Literary Devices in the Poem

Metaphors: There is no dearth of metaphors in the poem. Let’s take a look at all of them,

The headless aftermath – refers to the harvested crops
The whir of sober birds – The dull sound of birds
Is sadder than any words. – Again, the dull and sad sound of birds
A tree beside the wall stands bare, – A tree that has no leaves
Disturbed, I doubt not, by my thought, – Moved due to being dry
Of the last remaining aster flower
To carry again to you. – Bring back something beautiful even when everything is fading into sadness.

Alliteration: Here are all the examples of alliteration used in the poem:

And when I come to the garden ground,
Up from the tangle of withered weeds
But a leaf that lingered brown,
Disturbed, I doubt not, by my thought

Rhyme Scheme: The rhyming scheme of the poem “A Late Walk” is ABCB, meaning that the second line rhymes with the last line of each stanza. The meter ranges from dactylic to iambic.

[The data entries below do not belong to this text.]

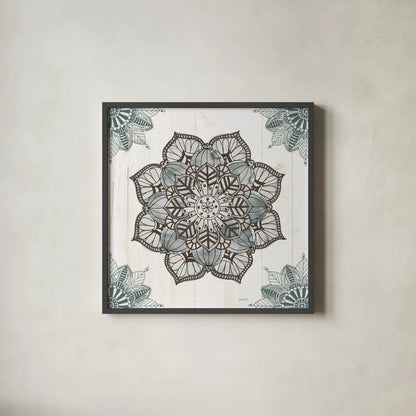 Mandala Morning V Blue and Gray v2 by Anne Tavoletti. Shown in a sleek black glass frame for a contemporary gallery look. Available as an archival giclee rolled canvas, fine art paper, or poster print. SKU 42244a.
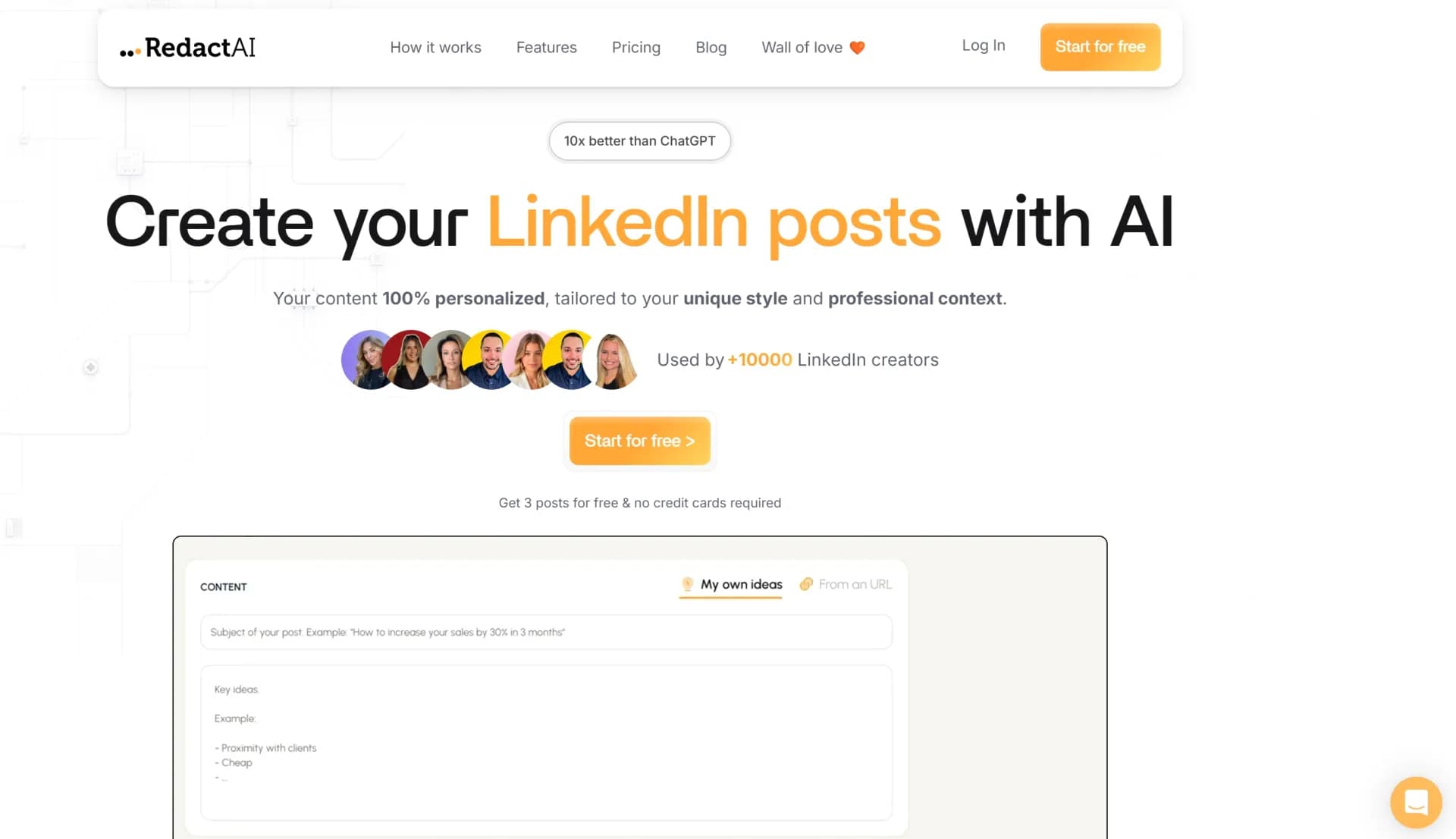 RedactAIv2.0 homepage screenshot — Create your 100% personalized LinkedIn posts with AI!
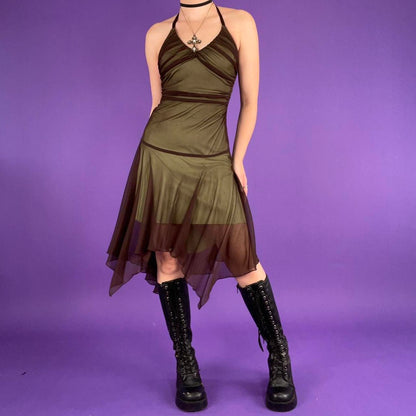 Cocktail party transparent brown and green short prom dress homecoming graduation ceremony dark fairy y2k dress gh4609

Imagery: The entire poem is supported by imagery. All the stanzas except the last one use imagery. Imagery is used powerfully here, showing the bareness and dryness of the world around. Imagery is used to convey the meaning of the poem properly.

Conclusion

There are many hidden meanings in Robert Frost’s poems. From the ever-popular “The Road Not Taken” to “A Late Walk”, all these poems used imagery, metaphors, and other literary devices to tell us a deeper meaning usually connected with human emotions and behavior. This poem delivers a strong message on the reality of life, and the poet’s way of coming to terms with it. It is accepting a bitter truth, but not losing hope or the will to find happiness, even when everything else is falling apart.
“A Late Walk” is a poem worth reading, and with such an important meaning behind it, the poem becomes even better.